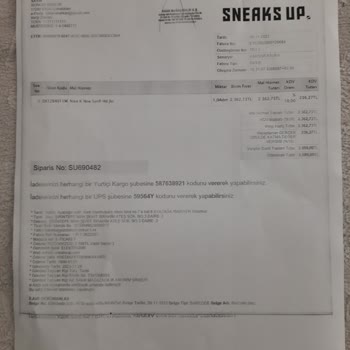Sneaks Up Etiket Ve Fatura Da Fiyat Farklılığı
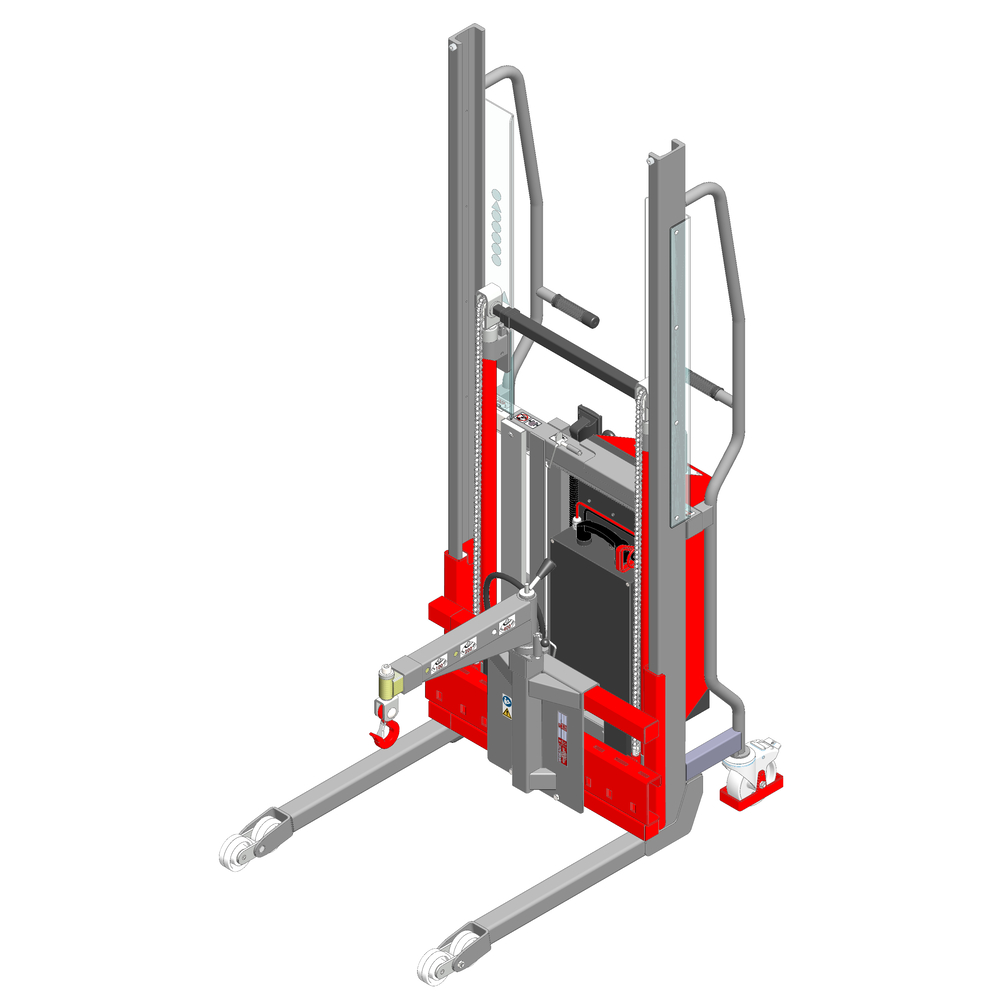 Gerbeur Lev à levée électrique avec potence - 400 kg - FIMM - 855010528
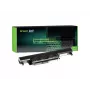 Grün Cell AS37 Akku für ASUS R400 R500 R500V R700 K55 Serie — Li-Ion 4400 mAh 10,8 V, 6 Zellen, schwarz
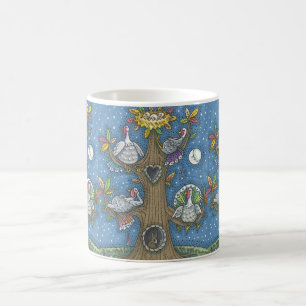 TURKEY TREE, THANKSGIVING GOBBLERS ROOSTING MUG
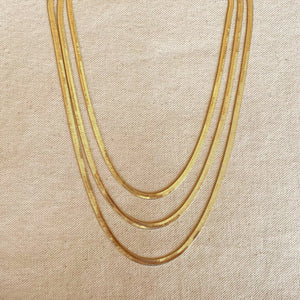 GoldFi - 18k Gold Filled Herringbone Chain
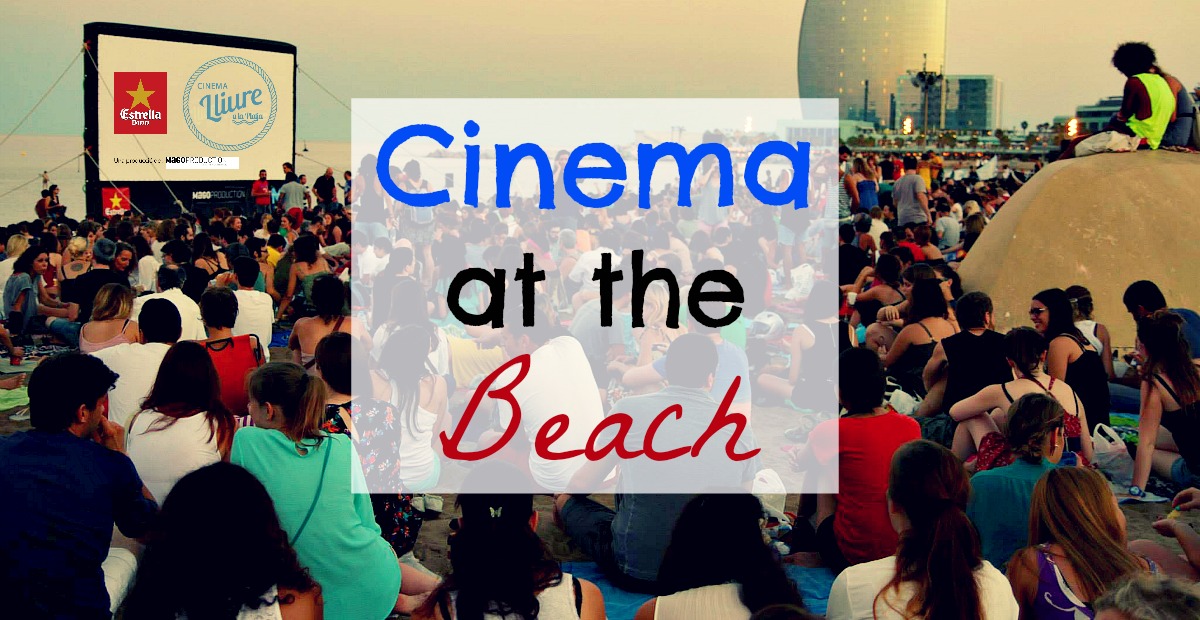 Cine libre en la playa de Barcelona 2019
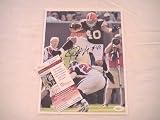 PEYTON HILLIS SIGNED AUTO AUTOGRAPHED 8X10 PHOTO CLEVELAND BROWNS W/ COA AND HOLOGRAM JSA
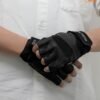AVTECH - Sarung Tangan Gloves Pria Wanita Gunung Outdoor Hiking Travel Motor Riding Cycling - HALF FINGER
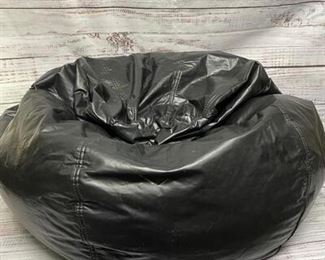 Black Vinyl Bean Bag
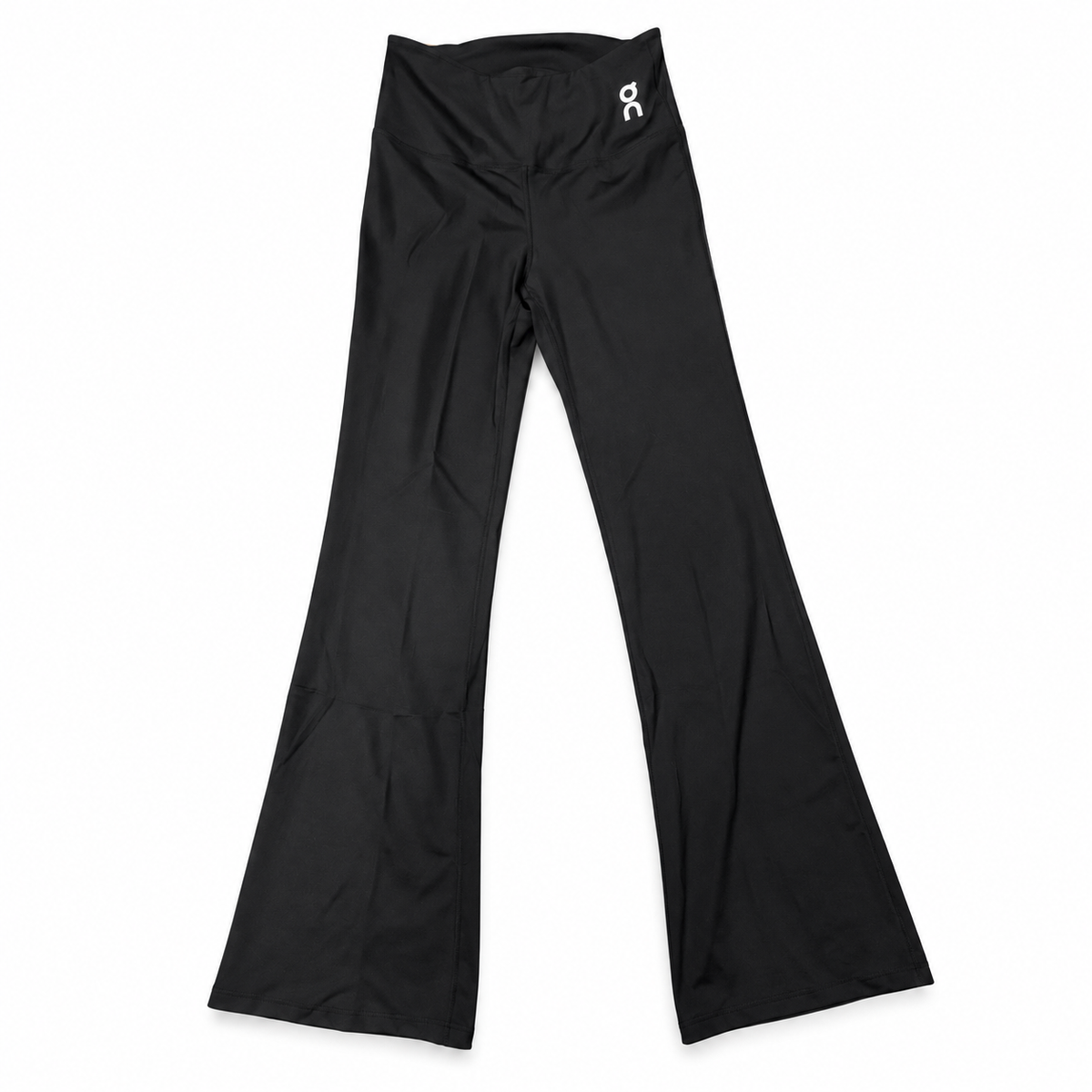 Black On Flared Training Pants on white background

═══

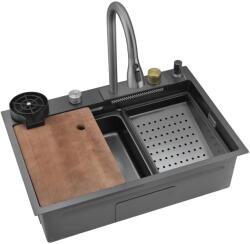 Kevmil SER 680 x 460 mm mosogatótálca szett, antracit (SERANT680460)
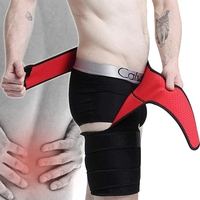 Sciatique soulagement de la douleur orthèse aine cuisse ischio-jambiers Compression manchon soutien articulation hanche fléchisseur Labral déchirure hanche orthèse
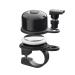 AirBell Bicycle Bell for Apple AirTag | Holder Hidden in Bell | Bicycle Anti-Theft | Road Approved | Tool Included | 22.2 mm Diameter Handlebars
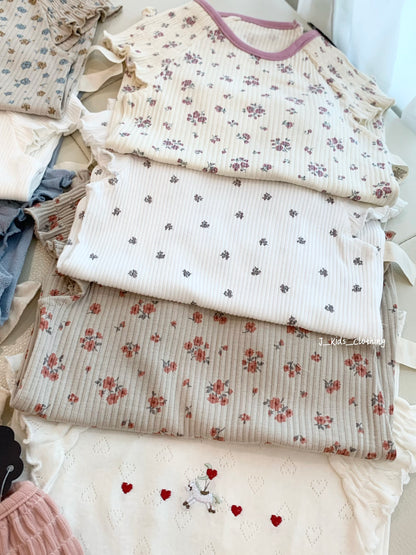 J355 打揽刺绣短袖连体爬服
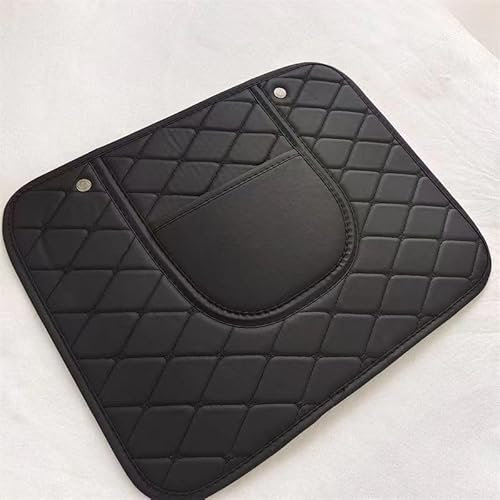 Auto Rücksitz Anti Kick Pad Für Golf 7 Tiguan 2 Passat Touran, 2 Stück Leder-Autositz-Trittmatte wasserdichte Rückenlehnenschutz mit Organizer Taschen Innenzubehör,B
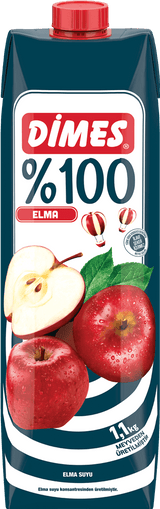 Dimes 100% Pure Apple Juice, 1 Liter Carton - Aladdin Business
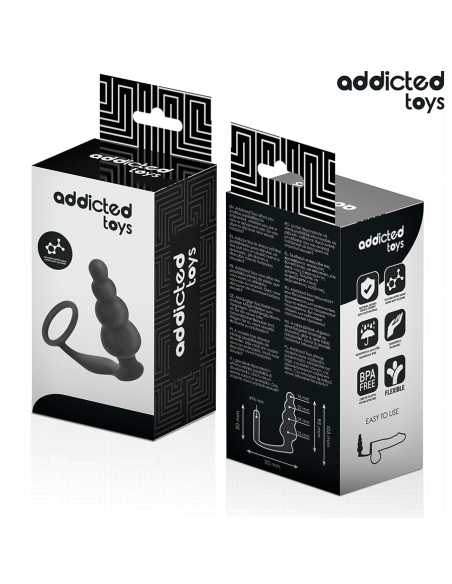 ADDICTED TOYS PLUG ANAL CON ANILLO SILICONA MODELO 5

═══

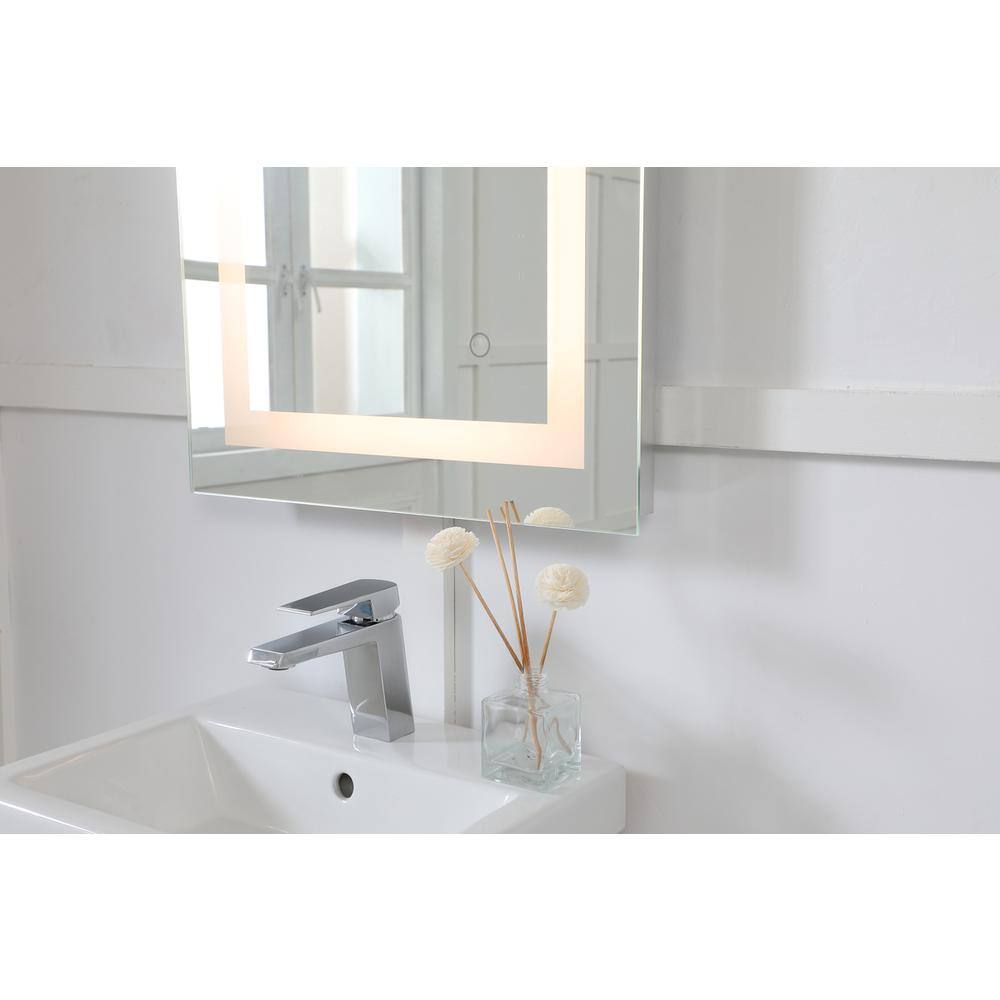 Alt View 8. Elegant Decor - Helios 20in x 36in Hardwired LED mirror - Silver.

═══

WHAT YOU HAVE TO DO: Each line above that falls between the line with "Sneaks Up Etiket" and the line with "Black On Flared" should be printed exactly, together with those two lines, but the pictures should not.

TASK SOLUTION:
Sneaks Up Etiket Ve Fatura Da Fiyat Farklılığı
 Gerbeur Lev à levée électrique avec potence - 400 kg - FIMM - 855010528
 Grün Cell AS37 Akku für ASUS R400 R500 R500V R700 K55 Serie — Li-Ion 4400 mAh 10,8 V, 6 Zellen, schwarz
 TURKEY TREE, THANKSGIVING GOBBLERS ROOSTING MUG
 GoldFi - 18k Gold Filled Herringbone Chain
 Cine libre en la playa de Barcelona 2019
 PEYTON HILLIS SIGNED AUTO AUTOGRAPHED 8X10 PHOTO CLEVELAND BROWNS W/ COA AND HOLOGRAM JSA
AVTECH - Sarung Tangan Gloves Pria Wanita Gunung Outdoor Hiking Travel Motor Riding Cycling - HALF FINGER
 Black Vinyl Bean Bag
 Black On Flared Training Pants on white background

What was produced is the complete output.